非常食の準備は? 熊本、ワースト4位⇒急上昇7位に 九州6県は低迷 気象情報会社調査
- 政治・経済
- 2017年3月27日
地震などの災害時に備えて対策を取っている家庭の割合が、九州7県では熊本が突出して高いことが気象情報会社ウェザーニューズ(千葉市)の今年の全国調査で分かった。熊本は、非常食の準備や家具の固定などの割合が昨年4月の熊本地震前の調査から大幅に増加。いずれも全国で10位以内だった。一方、他の6県は低調で、熊本地震の教訓が九州全域に広がっていない現状も浮き彫りになった。専門家は早急な備えを呼び掛けている。
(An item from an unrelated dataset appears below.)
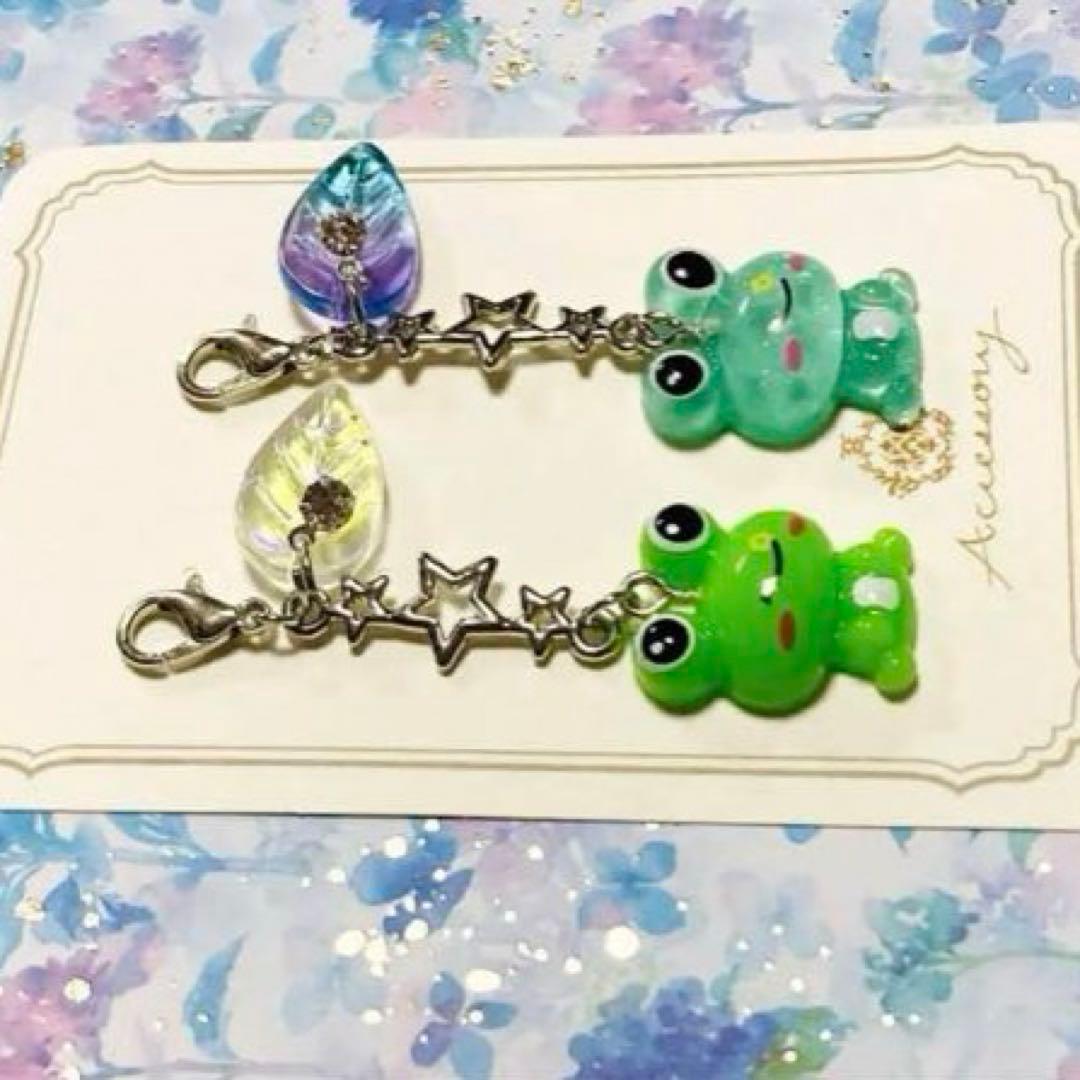 ハンドメイド　〈ピアス/イヤリング/チャーム〉No.3168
同社が47都道府県の延べ2万9千人を対象に3月に実施した調査によると、水や食料など非常食の準備をしているのは、熊本が74%で九州1位、全国で7位だった。熊本はワースト4位だった昨年2月の調査から16ポイントアップした。熊本地震の直後に支援物資が不足した実体験が影響したとみられる。熊本地震で家屋被害などがあった大分は65%で全国18位。九州の最下位は福岡で55%だった。全国1位は、東日本大震災を経験した宮城の77%。
「何日分の非常食を備えているか」では、熊本が2・5日分で全国8位。ワースト2位だった昨年調査(1・5日分)から急上昇した。南海トラフ地震で大津波による被害が予想される宮崎県は全国平均と同じ2・2日分。他の九州5県は平均を下回った。
家や家具への対策の実施率でも、熊本が昨年の38%から55%にアップ。宮城に続き全国2位となった。マグニチュード7以上の地震を起こす可能性が高いとされる主要活断層帯「警固断層帯」などがあり、専門家が警鐘を鳴らす福岡は32%。佐賀、長崎、鹿児島も約3割と低かった。
防災士で東日本大震災、熊本地震を経験した熊本県和水町の柳原志保さん(44)は「最低3日間は自分たちでしのげる備蓄が必要。住宅の耐震化、家具の固定以外にも、避難する動線を確保できるよう家具を配置するなど、できることから始めてほしい」と話した。